Two weeks after Dipper moved in, he grew bored of sitting around. He had watched Bill play through that dumb video game, and convinced him to let him play afterwards. Dipper would pull the television out himself when Bill was busy doing other things (and by ‘busy’, the blonde was just bumbling aimlessly around his room, rearranging objects that didn’t please his eye and making both boys’ beds repeatedly and yelling at his roommate to _“stop dragging those stupid quilts around, Pinetree, or I swear-“)_. Eventually he would join Dipper on the floor in front of the TV, using the brunette as a back reset or lying his head on Dipper’s lap. They wasted a lot of time that way. 

Dipper beat the game. Four times. 

The time they didn’t spend eating down in the cafeteria or in their room was divided between the therapy Dipper was scheduled for (and, during the first week after Dipper’s arrival, Bill’s own therapy sessions that hadn’t been canceled yet), and enjoying the fresh air outside. The downpours of rain puttered out in  late March, and by then Dipper had conditioned enough to take a proper walk. He and Bill made laps around the empty courtyard, working their way up from a quarter of a mile, to a half, to one, to two. Dipper’s arrhythmia had majorly improved with the exercise, and at some point in the second month his pulse tracker had stopped its palpitation warnings almost completely. He still got the high-pitched beeping sequence when his heart rate sped up above the regulated set rhythm, but he began to ignore it. His paranoia had gotten the best of him, at first, but he had finally convinced himself (and Bill, because holy shit, he was more concerned when Dipper’s pulse tracker went off than _he_ was) that when you do exercise, having a fast heart rate is normal. This was kindergarten stuff, common sense. While it was terrifying at first, without the knowledge that his Shockwave would, in fact, keep up with him, he was thrilled to finally get back to nature.

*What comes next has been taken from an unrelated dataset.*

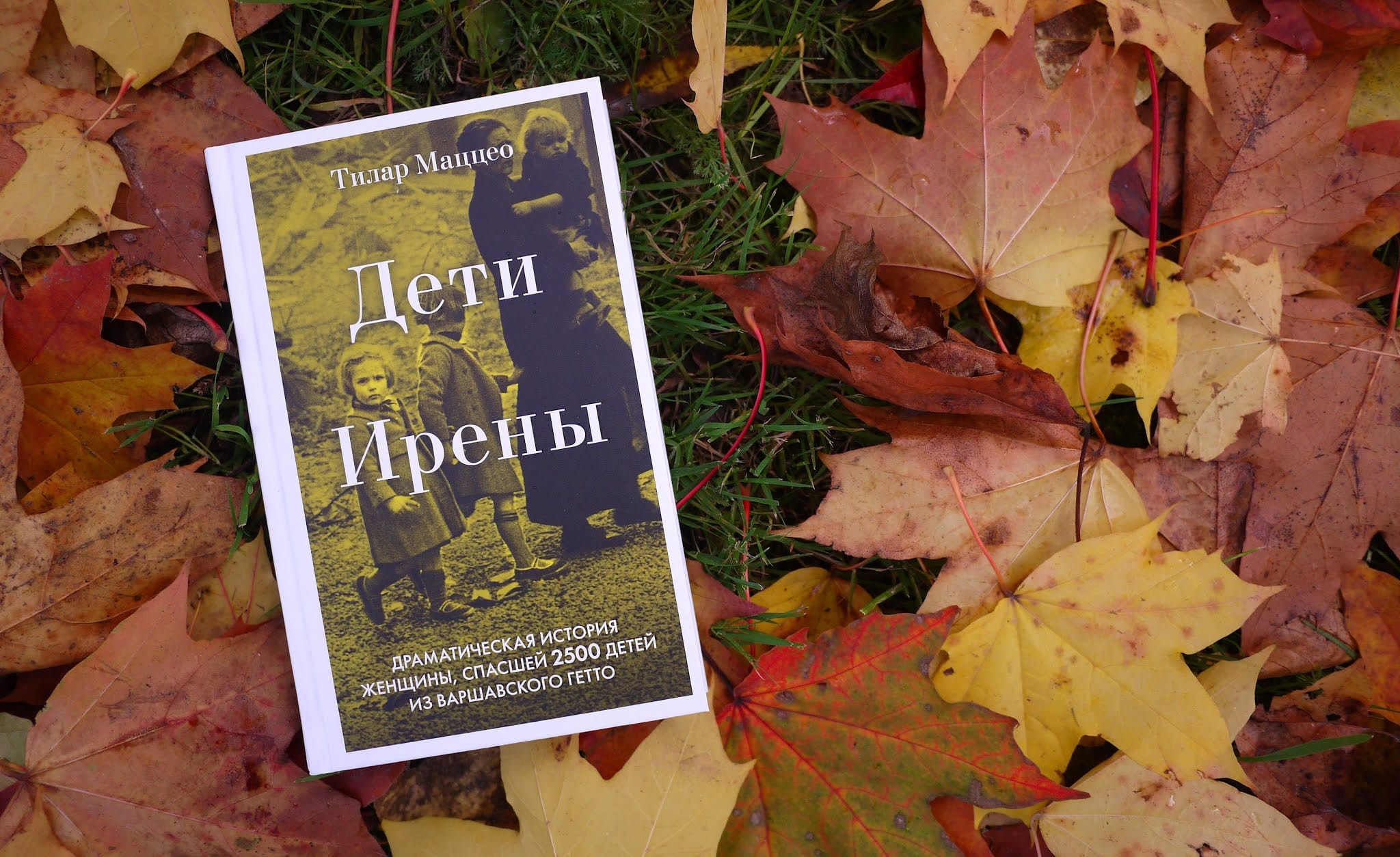 «Эксмо» после жалоб Z-активистов с благодарностью к читателям за внимание сняло с продажи книгу «Дети Ирены» о Варшавском гетто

“Bill! St- sto- aha! Stop! Please!” Tears blurred his vision, his wide smile hurting his cheeks. Bill’s face matched his, eyes sparkling and happy and _bright_ and _God,_ if Dipper could only see one thing for the rest of his life, he wanted it to be that slightly crooked grin. 

Bill laughed, and Dipper also decided that no matter how obnoxious the sound was on the front, he would sell his soul to hear it again. “What do I get for showing you mercy?” Mischief danced in gold, eyes studying the curve of Dipper’s upturned lips and the way his cheeks filled out, no longer gaunt and tight against his cheekbones. His brown curls were frazzled from his struggling, and again he caught sight of something brushed against his forehead. He wished he had a free hand - one occupied with Dipper’s wrists and the other relentlessly tickling his sides - just so he could oblige the urge and brush the hair away from Dipper’s face.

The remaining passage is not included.